┏━━
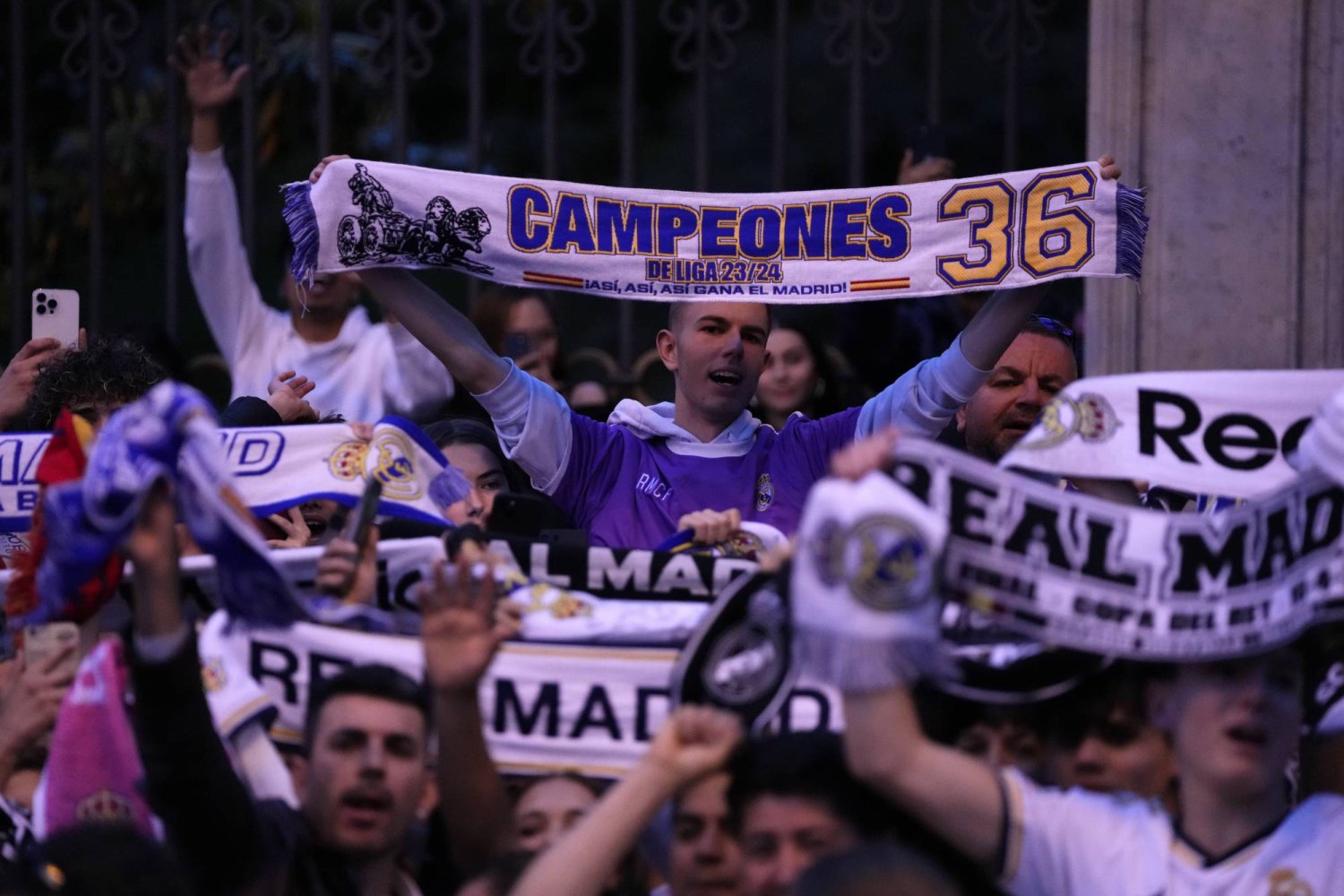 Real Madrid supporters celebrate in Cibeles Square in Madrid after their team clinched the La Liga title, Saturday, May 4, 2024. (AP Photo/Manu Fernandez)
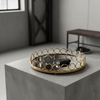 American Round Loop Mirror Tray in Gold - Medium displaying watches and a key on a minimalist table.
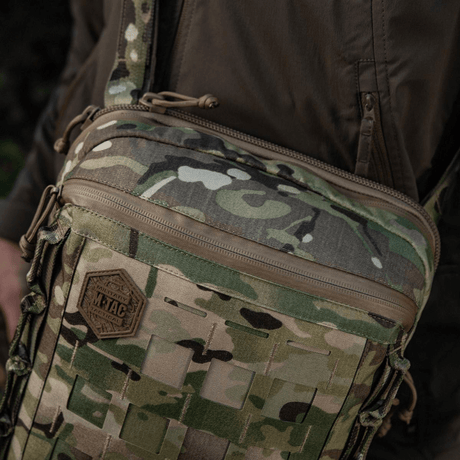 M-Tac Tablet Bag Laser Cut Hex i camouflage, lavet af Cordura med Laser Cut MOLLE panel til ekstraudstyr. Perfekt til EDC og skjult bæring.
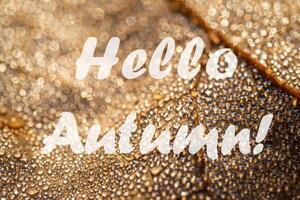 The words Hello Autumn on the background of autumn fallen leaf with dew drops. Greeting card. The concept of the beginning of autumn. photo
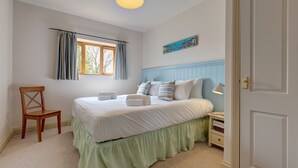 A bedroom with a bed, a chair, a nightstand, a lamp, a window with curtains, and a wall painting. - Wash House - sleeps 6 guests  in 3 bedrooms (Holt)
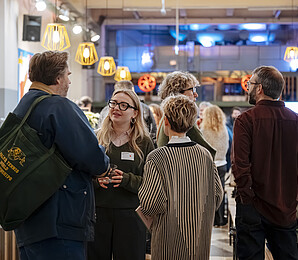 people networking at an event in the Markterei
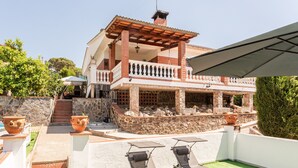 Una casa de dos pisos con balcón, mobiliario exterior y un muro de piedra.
┗━━
# [Task requirements]
Word for word, restate the lines from the line containing "M-Tac Tablet Bag" through the end of the data, including the first and last of them. Pictures stay out.

# [Answer to the problem]
 M-Tac Tablet Bag Laser Cut Hex i camouflage, lavet af Cordura med Laser Cut MOLLE panel til ekstraudstyr. Perfekt til EDC og skjult bæring.
 The words Hello Autumn on the background of autumn fallen leaf with dew drops. Greeting card. The concept of the beginning of autumn. photo
 A bedroom with a bed, a chair, a nightstand, a lamp, a window with curtains, and a wall painting. - Wash House - sleeps 6 guests  in 3 bedrooms (Holt)
 people networking at an event in the Markterei
 Una casa de dos pisos con balcón, mobiliario exterior y un muro de piedra.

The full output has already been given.